Manchmal treibt die Bürogestaltung ja wirklich auch seltsame Blüten. Solche Konzepte, wie man sie von den Google Offices kennt, machen mir fast ein wenig Angst. Extreme finde ich immer schlecht. Man sollte schon ein wenig die Balance einhalten, ein Büro sollte nicht sein wie das Zuhause. Sonst will man ja gar nicht mehr nach Hause. Und das wäre schlecht für die Gesundheit. Man muss unterscheiden, was Arbeiten ist, und was Freizeit. Die Gestaltung und Möblierung hängt natürlich von der jeweiligen Kultur ab, aber auch von der Unternehmenskultur, ob es sich nun um eine Bank aus Luxemburg handelt oder ein Internetunternehmen aus Kalifornien.

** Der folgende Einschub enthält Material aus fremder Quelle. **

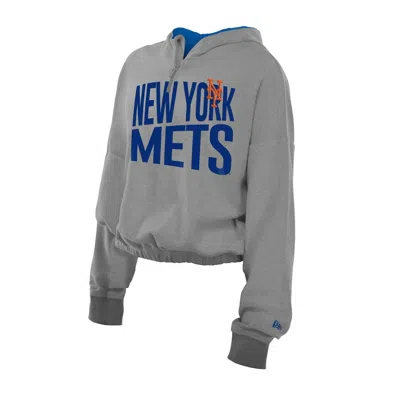 New Era Men's Heather Gray New York Mets Reversed Out French Terry Quarter-zip Banded Crop Hoodie In Gray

Man sagt, im Norden – in Skandinavien etwa – seien die Bürokonzepte noch offener. Wie sieht das dagegen im Süden aus? In Spanien?
Im Süden, also auch in Spanien, agiert man zwischenmenschlich oft auch sehr implizit. Im Büro herrscht schon zum Teil ein starker Formalismus, das hängt natürlich auch von der Branche ab. Doch obwohl es ein Klischee ist, ist die Business-Kommunikation informeller als im Norden. Es gehört ebenso dazu, sich auch einmal auf privater Ebene, in sozialen Kontexten zu treffen, beim gemeinsamen Essen etwa. Die soziale Ebene ist im Süden meist schon ein selbstverständlicher Teil des Business.